In Indiana legislative politics, the Republicans and Democrats each controlled one legislative body from the outset of the new century until the 2010 elections. Then Republicans gained control of the House of Representatives (60-40) and in 2012 won “supermajorities” in the House (69-31) and the Senate (37-13). Meanwhile Indiana elected Tea Party Congressman Mike Pence to serve as Governor. Pence will replace two-term Tea Party “light” Governor Mitch Daniels who was selected the new president of Purdue University by a Board of Trustees mostly appointed by him. In total, Indiana politics which had been shifting to the right over the last decade will become a “blood red” state in 2013. Republican spokespersons promise to complete the economic and political agenda they began to institute since the early years of the new century.
Paradoxically, Indiana voters solidly rejected the reelection bid of Superintendent of Public Education, Tony Bennett, who has radically transformed education from a public to a private institution. He has opened the door for taxpayer support for private religious schools. And he has introduced ill-advised “performance” standards to determine financial support for public schools. To increase the possibility of incorporating markets and religion into what used to be a public education system, he and his colleagues have worked vigorously to destroy teachers unions.
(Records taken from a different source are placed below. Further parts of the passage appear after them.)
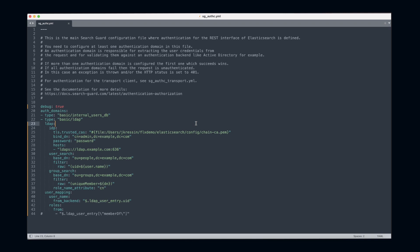First of all, I have to set my trusted CA because I'm using an encrypted connection to my LDAP server. Then I need to configure my bind DN and the password. This is the user that SearchGuard will use to connect to LDAP and to verify usernames and credentials of other users.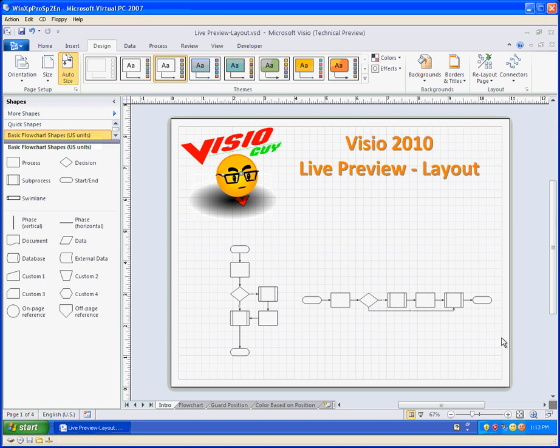Hi everybody, this is Chris from VisioGuy. I wanted to show you an exciting new feature in Visio 2010 that allows us to preview our layouts before we actually select a new layout style for our flowchart or other connected diagrams.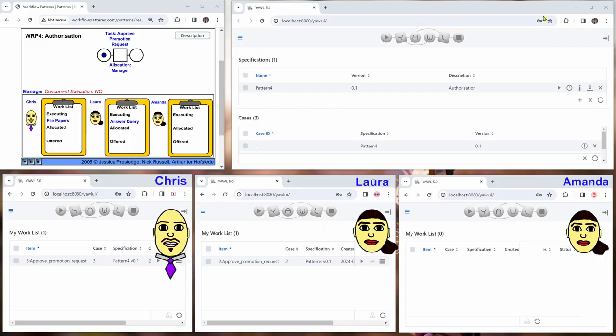So here we have the animation on the top left. On the top right, we have the YAWL administrator. And at the bottom, we have our three users: Chris, Laura, and Amanda.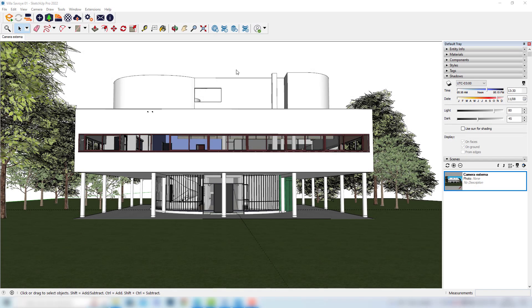Hey guys, what's up? In this video I'll show you how to make some daylight simulations with our Villa Savoie model.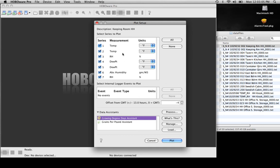It's going to bring up the list of measurements that you can then plot. There are duplicates just because of the way that Boxcar handled things — HoboWare does things a little differently. I'm going to click None, and then just select the two parameters that I want, which are temperature and humidity.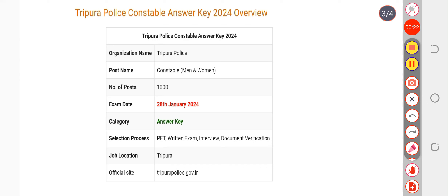Simply type tripropolis.job.in in the Chrome browser and you will be redirected to the home page. There you will get the link for your answer key and the objection link. Subscribe to our channel for more. You can calculate your marks and also file an objection if you find any discrepancies in any of the questions.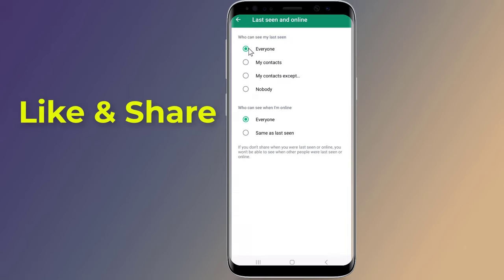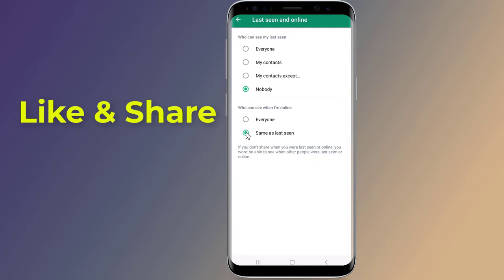Here you can select Nobody to appear offline from every contact. Or if you want to appear offline to some of your contacts, select the My Contacts option in the Last Seen option and select Contacts. For the who can see when I'm online option, select Same as Last Seen.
Glenda Ritz, an award winning teacher and media specialist, defeated Bennett by a 52-48 percent margin. Tea Party legislators have indicated that they will move to make the Superintendent’s position an appointed one in the future. Outgoing Governor Daniels, a key advocate of educational privatization, proclaimed that teachers used improper means to campaign for Ritz, as if the 1 million voters for Ritz who were not teachers were not relevant to the outcome (in Indiana there are 40,000 public school teachers). So if the people make the wrong choices, the Tea Party legislators imply, their right to make those choices must be restricted.
In 2011 the Indiana Institute for Working Families issued a report on the status of working families in Indiana. The report presented economic data on the condition of Indiana’s working families suggesting that workers in the state have suffered above and beyond the level of the national recession of 2007 to 2009. They suggest that contrary to the public image promoted by outgoing Governor Daniels and his Tea Party legislative colleagues, the conditions of Hoosier working families have worsened as a result of their legislative agenda:
“In fact, the data shows a recovery in Indiana marked by a weakened labor market, an unprecedented decline in wages, and dramatic increases in poverty. Due to across-the-board state budget cuts, a significant loss of public-sector jobs, and low uptake rates in work-support programs due to a public policy environment that’s not been conducive to working families, tens of thousands of Hoosiers are unnecessarily experiencing the human toll of this recession.” (Indiana Institute for Working Families, “Status of Working Families in Indiana,” 2011, page 1).
Indiana progressives have a difficult task ahead. They must reverse the rightward drift of Hoosier politics and public policy and in the long run build a progressive political movement that can fight for and win a new People’s Agenda based on justice, prosperity, and peace.